Class UnicodeInputStream

java.lang.Object
java.io.InputStream
jodd.io.UnicodeInputStream
All Implemented Interfaces:
Closeable, AutoCloseable

public class UnicodeInputStream extends InputStream
Unicode input stream for detecting UTF encodings and reading BOM characters. Detects following BOMs:
  • UTF-8
  • UTF-16BE
  • UTF-16LE
  • UTF-32BE
  • UTF-32LE
  • Field Details

    • MAX_BOM_SIZE

      public static final int MAX_BOM_SIZE
      See Also:
    • internalInputStream

      private final PushbackInputStream internalInputStream
    • initialized

      private boolean initialized
    • BOMSize

      private int BOMSize
    • encoding

      private Charset encoding
    • targetEncoding

      private final Charset targetEncoding
    • BOM_UTF32_BE

      public static final byte[] BOM_UTF32_BE
    • BOM_UTF32_LE

      public static final byte[] BOM_UTF32_LE
    • BOM_UTF8

      public static final byte[] BOM_UTF8
    • BOM_UTF16_BE

      public static final byte[] BOM_UTF16_BE
    • BOM_UTF16_LE

      public static final byte[] BOM_UTF16_LE
  • Constructor Details

    • UnicodeInputStream

      public UnicodeInputStream(InputStream in, Charset targetEncoding)
      Creates new unicode stream. It works in two modes: detect mode and read mode.

      Detect mode is active when target encoding is not specified. In detect mode, it tries to detect encoding from BOM if exist. If BOM doesn't exist, encoding is not detected.

      Read mode is active when target encoding is set. Then this stream reads optional BOM for given encoding. If BOM doesn't exist, nothing is skipped.

  • Method Details

    • getDetectedEncoding

      public Charset getDetectedEncoding()
      Returns detected UTF encoding or null if no UTF encoding has been detected (i.e. no BOM).
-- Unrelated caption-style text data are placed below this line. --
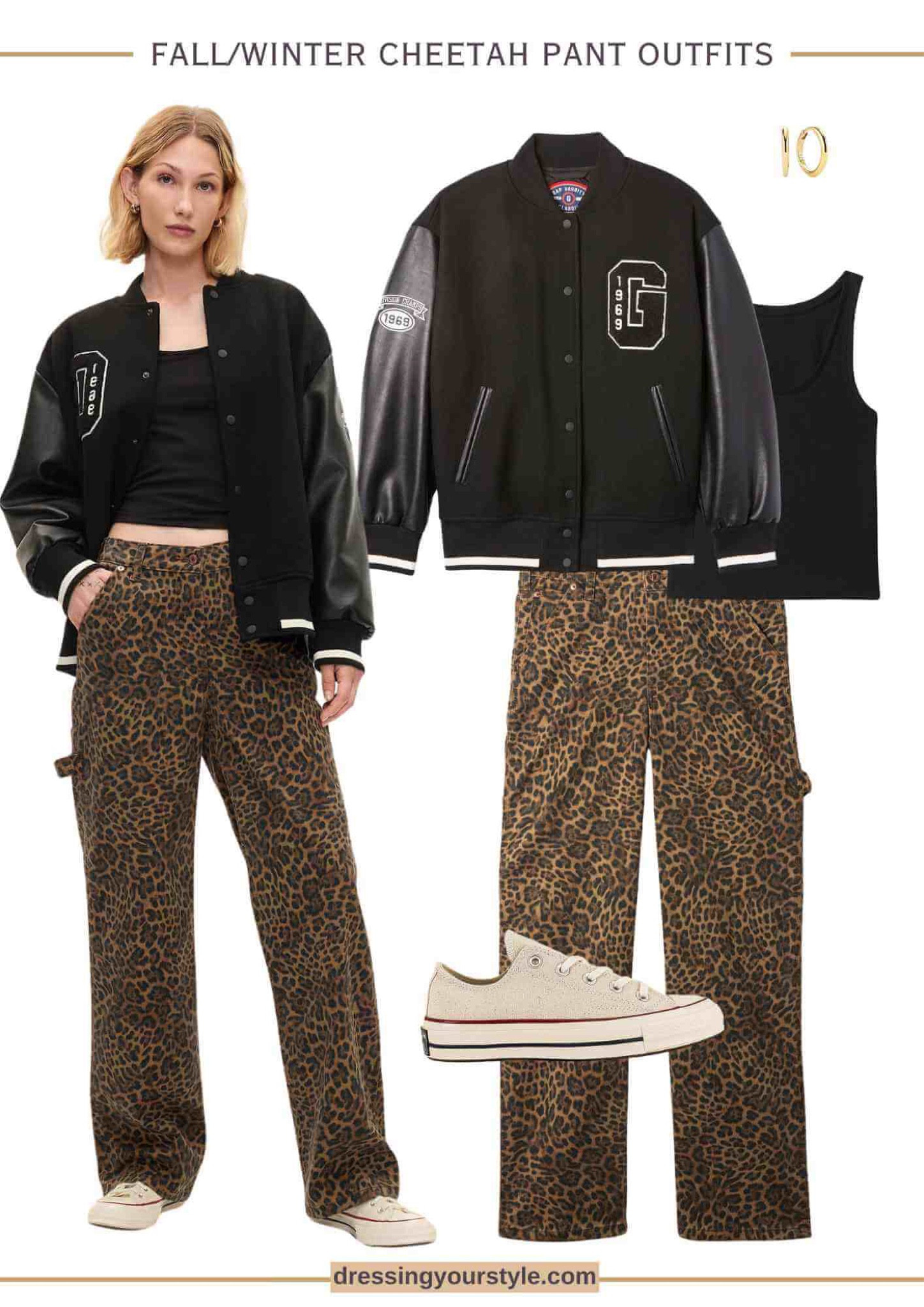 Leopard print pants outfit for fall with black varsity jacket and beige converse sneakers  

#LTKSeasonal #LTKOver40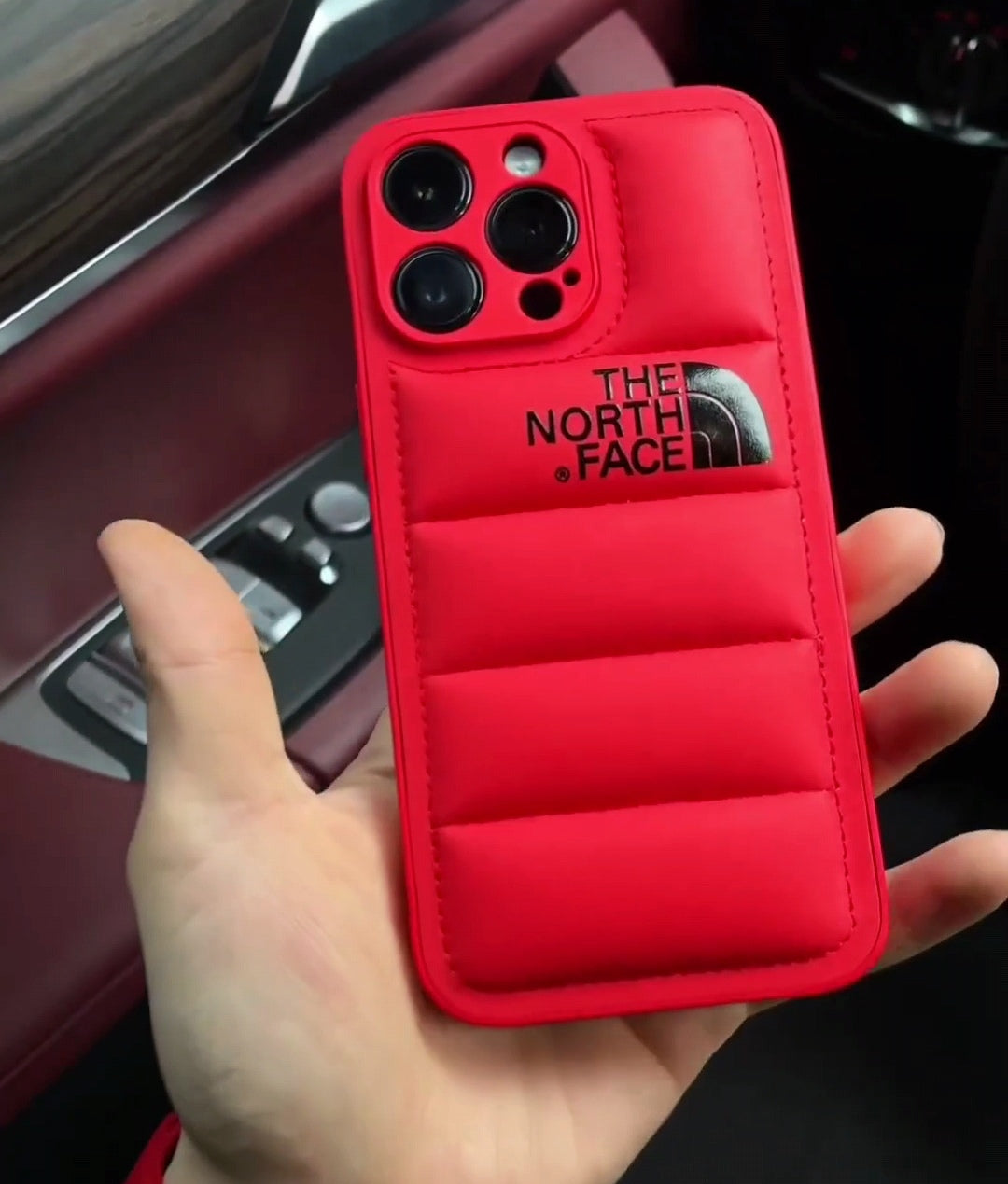 LUXUSMODE LEDER THE NORTH FACE HANDBREIT FÜR IPHONE 13 BIS 15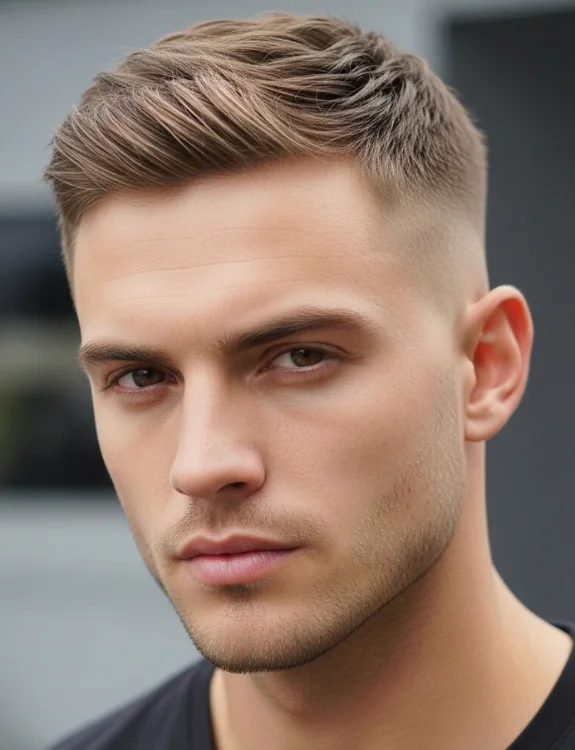 Short low taper fade haircut, minimal length, athletic clean look.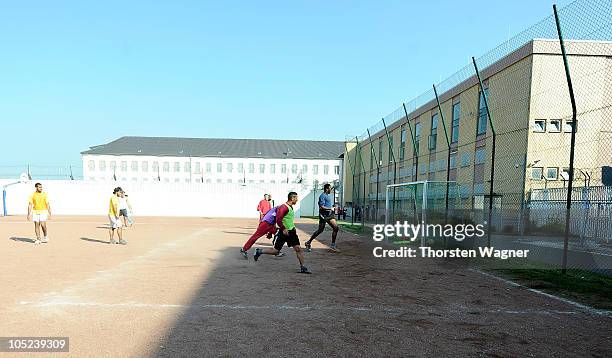 Young prisoners play football during a visit of Sepp Herberger Foundation at a prison on October 13, 2010 in Zweibruecken, Germany. Eckel and Kuntz...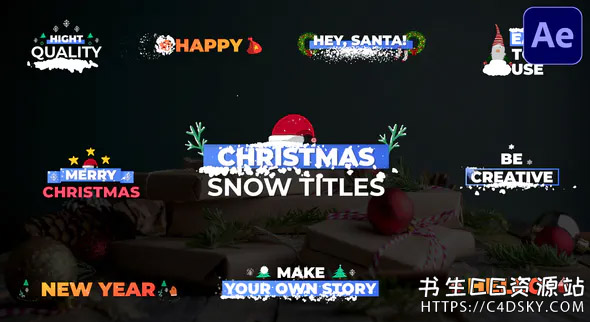 AE模板-可爱圣诞节彩球装饰雪花粒子字幕条排版展示动画Christmas Snow Titles | After Effects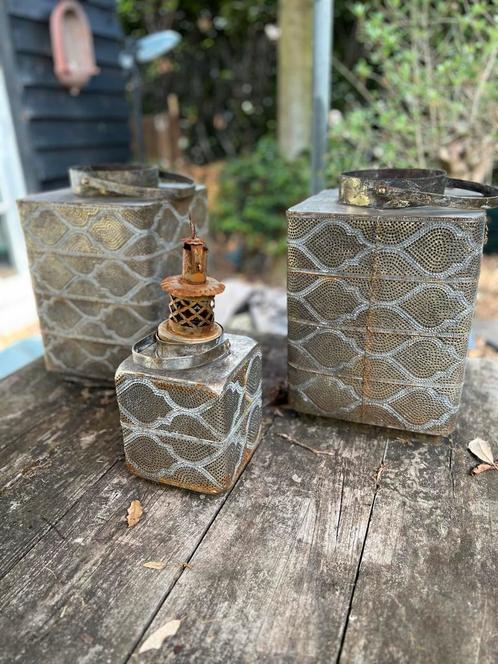 Antieke Marokkaanse Lampen Set van 3 Vintage, Antiek en Kunst, Antiek | Lampen, Ophalen of Verzenden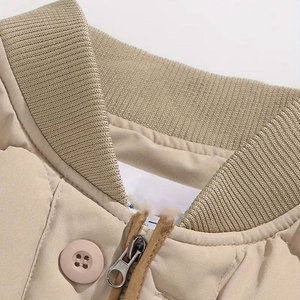 Pakistan Manufacturer Supply New Design Simple Blank Solid Color Custom Waterproof <b>Canvas</b> Stand Winter Puffer <b>Jacket</b> for <b>Man</b> - Product Image 3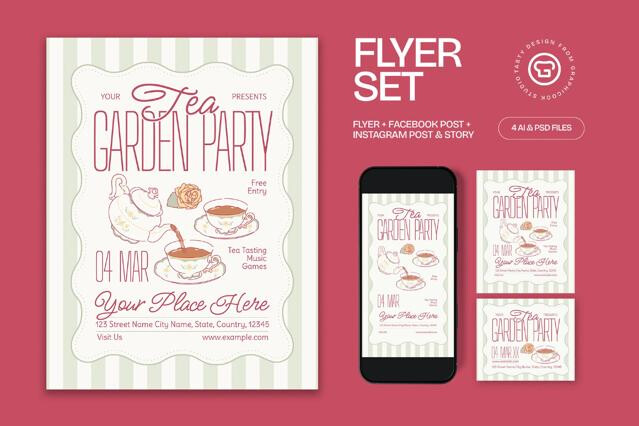Tea Garden Party Flyer
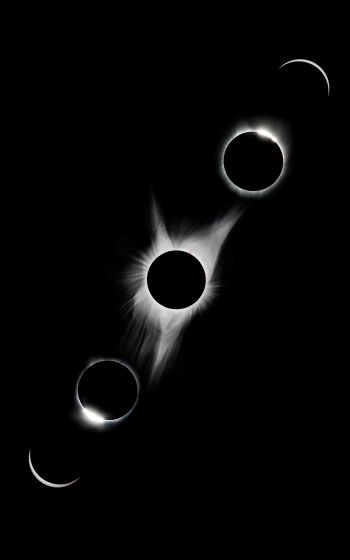 lunar eclipse, black and white Wallpaper 1600x2560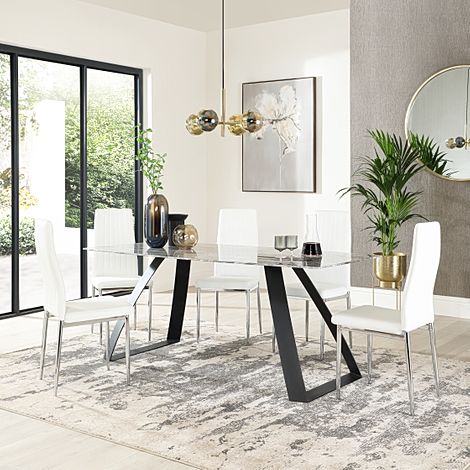 Ancona Marble Dining Table with 4 Leon White Leather Chairs
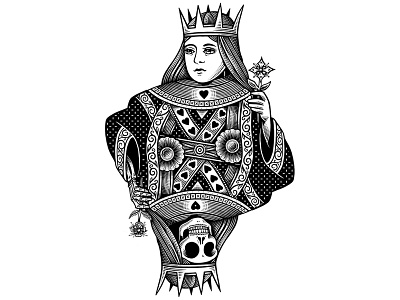 Queen of Hearts bw cards death illustration life skeleton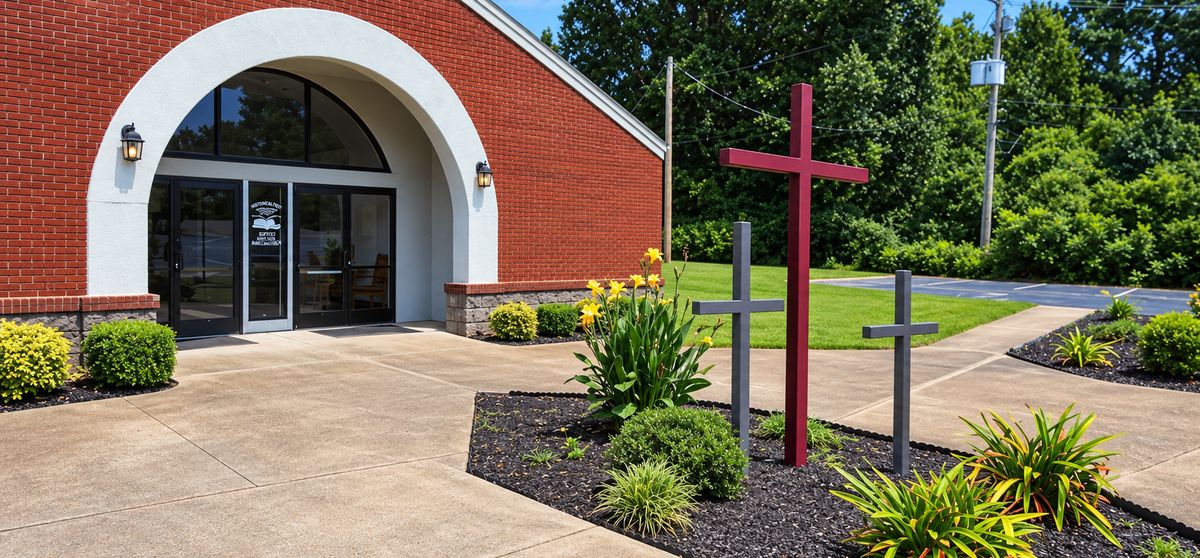 Historical First Baptist Church, Millington — the church front with its white arch entrance and three crosses
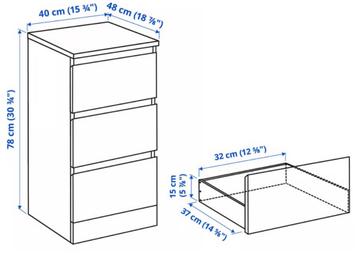 Te koop: 2 IKEA Malm 3 lade kast - afbeelding 2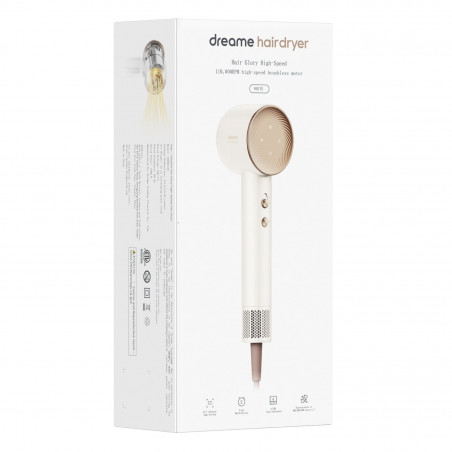 Dreame Glory uscător de păr, 1400W, 110000 rpm, 4 temperaturi, 2 viteze, 57°C, ionizare, termosenzor NTC, indicatori LED, alb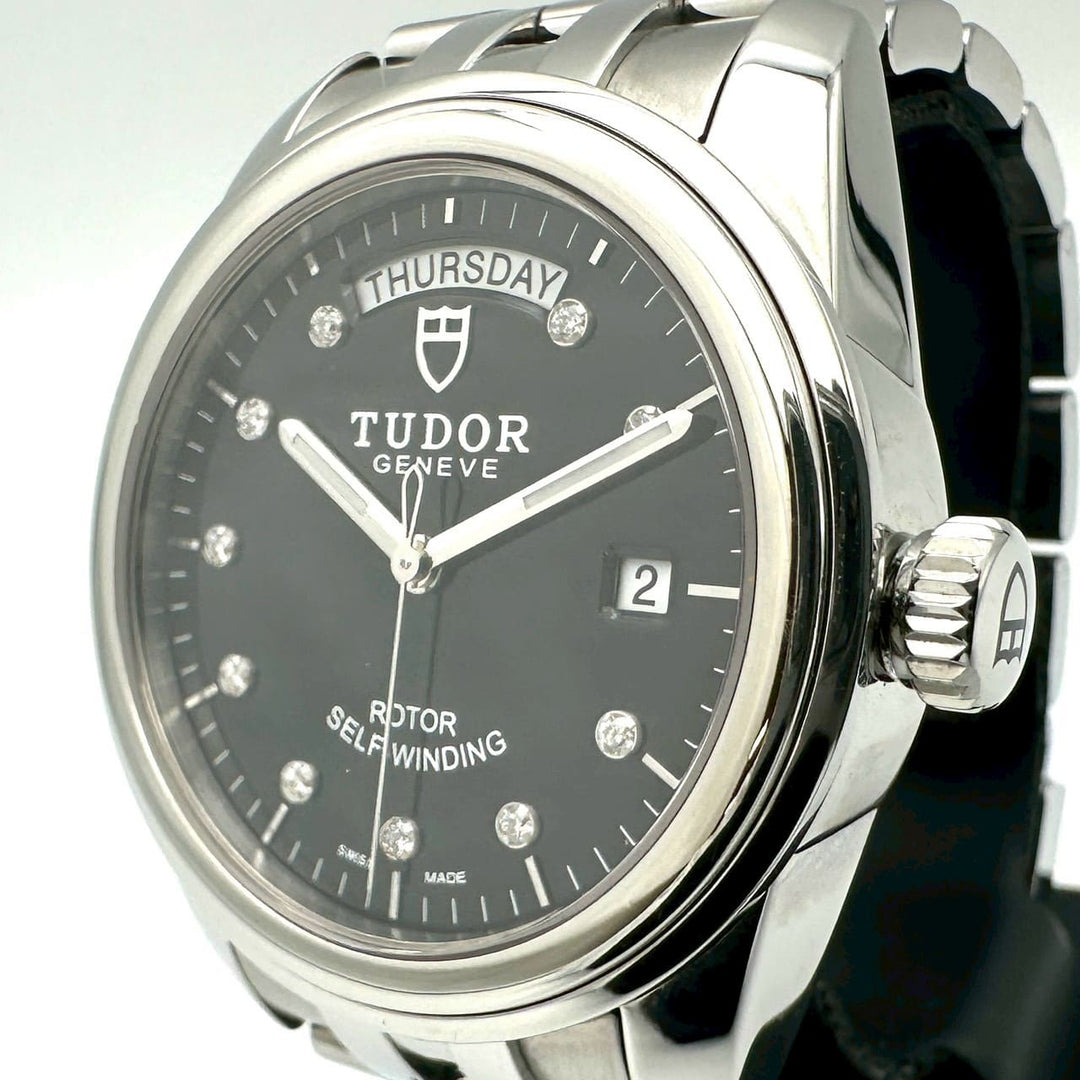美品 TUDOR チュードル チューダー グラマー デイトデイ 56000 腕時計 自動巻き SS ブラック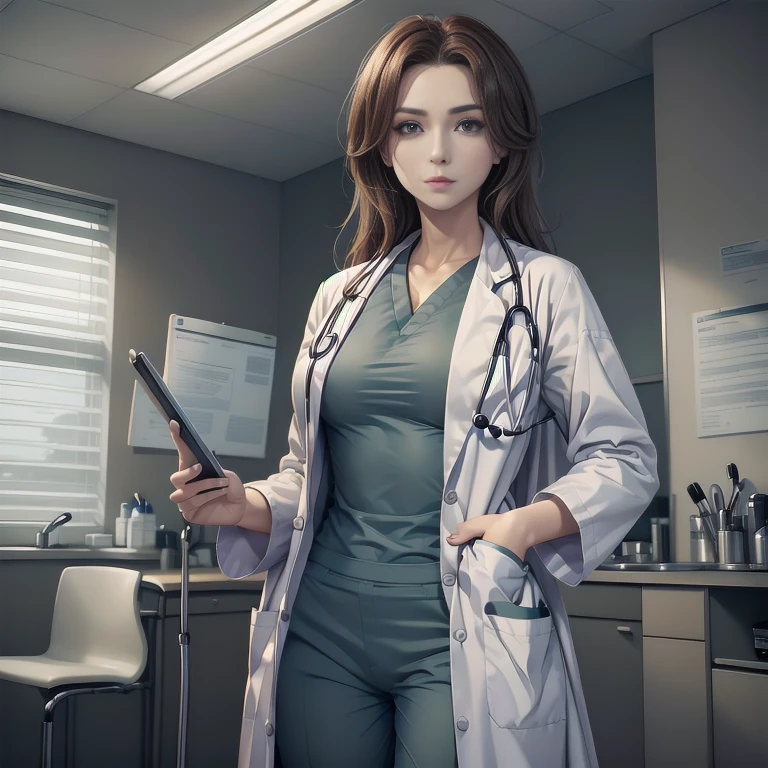 Marla Sucharetza, Sexy doctor, Curly auburn hair, Blue eyes, Standing, ((doctors office)), sharp outline, a natural female, 35 year old, Best Quality, masterpiece, doctor_uniform, labcoat, stethoscope, doctor,scrub top, tight scrubs, scrub trousersdoctor_uniform, labcoat, stethoscope, doctor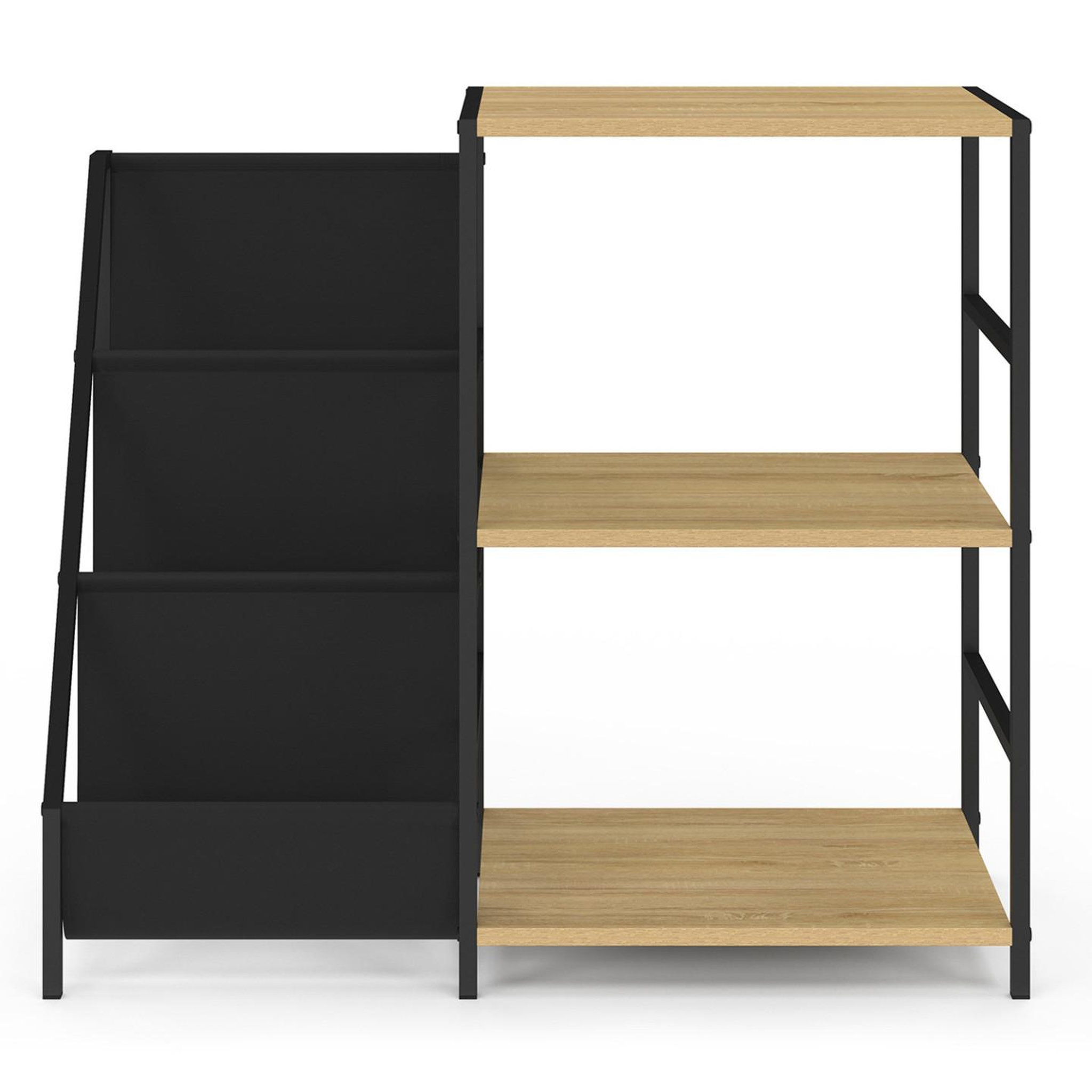 Voir la diapositive 3 : ID MARKET Meuble d'appoint, rangement avec étagères, supports vinyles et platine NEVIL design industriel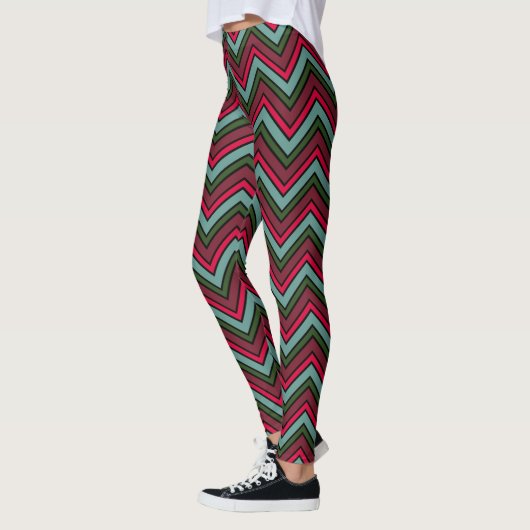 Kleurig chevron zigzag patroon leggings (Links)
If stream is not read yet, it will be initalized first.
    • init

      protected void init() throws IOException
      Detects and decodes encoding from BOM character. Reads ahead four bytes and check for BOM marks. Extra bytes are unread back to the stream, so only BOM bytes are skipped.
      Throws:
      IOException
    • close

      public void close() throws IOException
      Closes input stream. If stream was not used, encoding will be unavailable.
      Specified by:
      close in interface AutoCloseable
      Specified by:
      close in interface Closeable
      Overrides:
      close in class InputStream
      Throws:
      IOException
    • read

      public int read() throws IOException
      Reads byte from the stream.
      Specified by:
      read in class InputStream
      Throws:
      IOException
    • getBOMSize

      public int getBOMSize()
      Returns BOM size in bytes. Returns -1 if BOM not found.